Dentre toda a obra de Autran, o romance se impõe como um marco fundamental. Depois dos livros da juventude, a que denominou "novelas de aprendizado", Autran deu um primeiro "salto de qualidade" com o romance "Tempo de amar" (1952), amadurecendo em definitivo com este "A barca dos homens" (1961). Aqui, o domínio da técnica narrativa é assegurado, em sua plenitude, por uma hábil construção do enredo acompanhada de uma linguagem densa, de contornos nítidos, porém vazada num contexto misterioso, cheio de subentendidos.
Grande parte dos sucessos e episódios do romance são vistos pelos olhos de um indivíduo retardado, o Fortunato, cuja psicologia primitiva, perturbada e perturbadora, serve de contraste às mentes lógicas e racionais dos adultos em geral.
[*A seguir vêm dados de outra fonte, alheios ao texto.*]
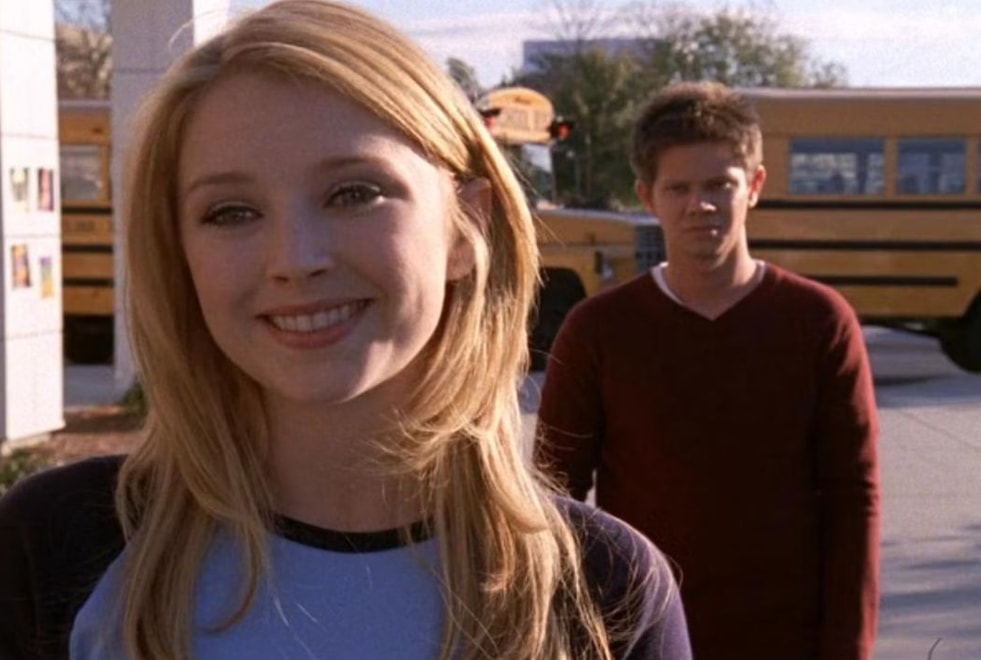 Les Frères Scott : Elisabeth Harnois (Shelly) se confie sur le comportement inapproprié du créateur de la série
E esse contraste não é o único do romance. Ao passo que Fortunato tem uma vida própria que não aparece aos outros (o leitor se apercebe da intimidade dele por meio de parágrafos soltos, intercalados na segunda parte do livro), é a vida desses outros que pontua os seus comentários íntimos, em seus delírios alucinados e deambulatórios. O romance, a partir mesmo do título, tem todo o sentido de travessia, de passagem pela vida, e pode ser lido como a crônica da destruição progressiva do casamento de Maria e Godofredo. Sente o leitor, a cada instante, o drama de duas criaturas vivendo juntas sem amor, sem o carinho e o respeito mútuos que alicerçam uma união.
E nessas circunstâncias avulta a presença de Fortunato, com sua expressão custosa de poucas palavras, sua percepção intuitiva bem próxima à das crianças. Em todo o drama das pessoas que com ele convivem, ele tem sempre uma parte, é um fator de insegurança justamente pelo contraste que apresenta. Com "A barca dos homens" Autran Dourado realizou um romance que prefigura com sucesso a sua esplêndida obra posterior.